• [Work instructions]
Span requested from the data below: the line with "10016G - Grey - Grey Mirror Silver" through the line with "BAN LUAR 70/90-14 ASPIRA", both included. Give only these lines again, exactly, and leave every picture out.

• [Given data]
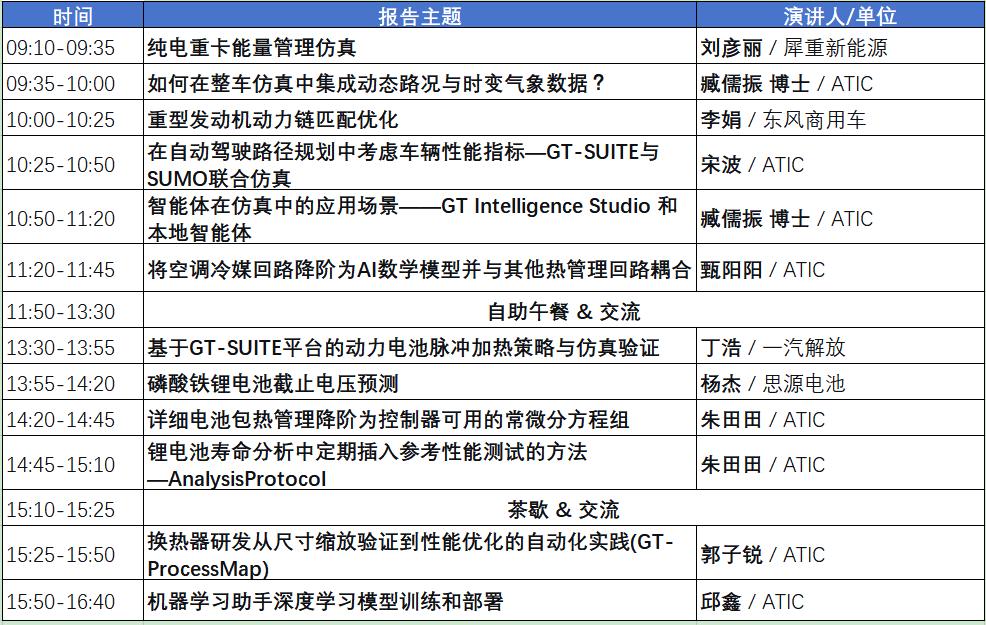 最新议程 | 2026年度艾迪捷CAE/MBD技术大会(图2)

...

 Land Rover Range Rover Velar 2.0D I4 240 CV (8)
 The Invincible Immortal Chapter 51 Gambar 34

---

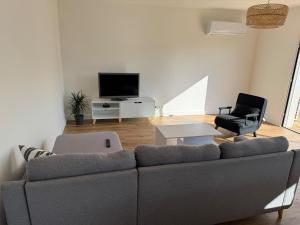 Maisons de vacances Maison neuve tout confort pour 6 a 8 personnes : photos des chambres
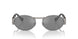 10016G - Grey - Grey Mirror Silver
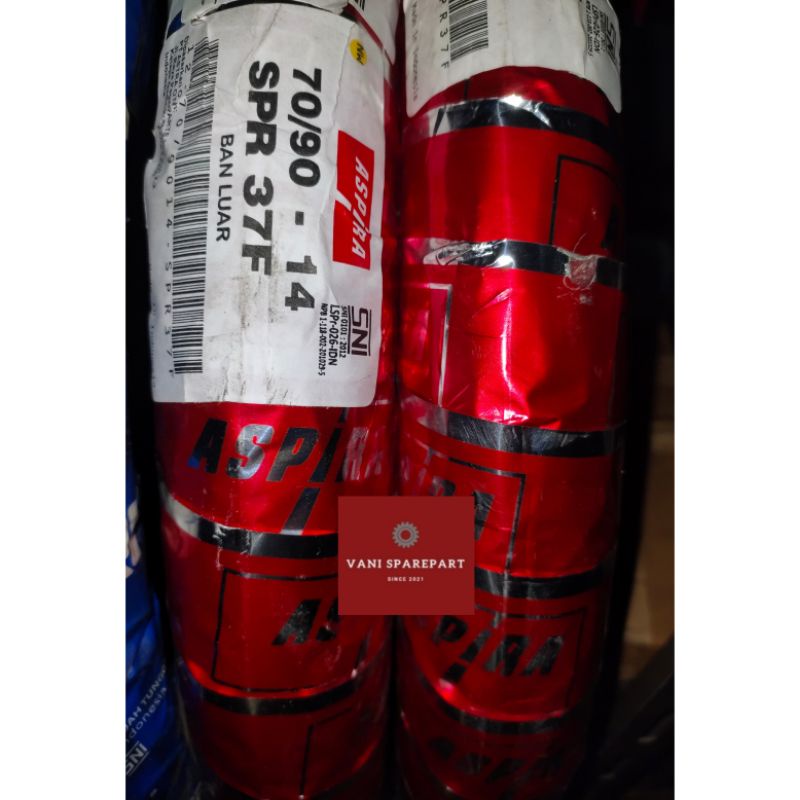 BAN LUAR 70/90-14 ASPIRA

• [Answer box]
 10016G - Grey - Grey Mirror Silver
 BAN LUAR 70/90-14 ASPIRA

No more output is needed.